### TASK PROMPT
Please return the listing below exactly, without any of its pictures.

### DATA SEGMENT
#####

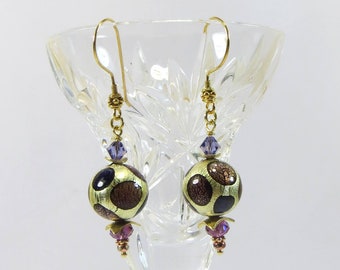 Venetian Jewel Earrings, White Goldfoil Spotted Purple Amethyst Tanzanite Murano Glass Beads w Silver Vermeil and Swarovski Crystal Earrings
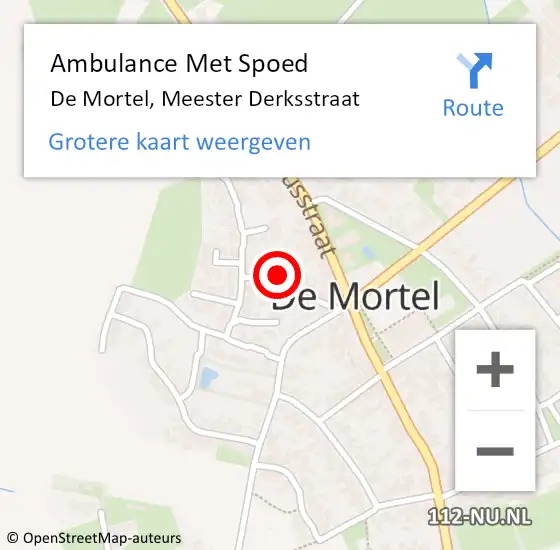 Locatie op kaart van de 112 melding: Ambulance Met Spoed Naar De Mortel, Meester Derksstraat op 2 september 2016 13:53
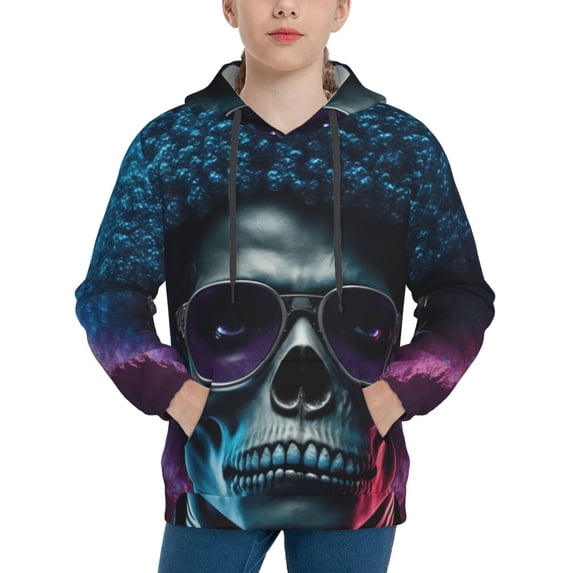 Lsque Punk Style Blue Haired Skull Patten Youth Hoodie Sweatshirt Pullover with Kangaroo Pocket Boys and Girls Hoodie Warm Hoodie for Kids-X-Large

#####

### RESULT FOR THIS EXERCISE
 Venetian Jewel Earrings, White Goldfoil Spotted Purple Amethyst Tanzanite Murano Glass Beads w Silver Vermeil and Swarovski Crystal Earrings
 Locatie op kaart van de 112 melding: Ambulance Met Spoed Naar De Mortel, Meester Derksstraat op 2 september 2016 13:53
 Lsque Punk Style Blue Haired Skull Patten Youth Hoodie Sweatshirt Pullover with Kangaroo Pocket Boys and Girls Hoodie Warm Hoodie for Kids-X-Large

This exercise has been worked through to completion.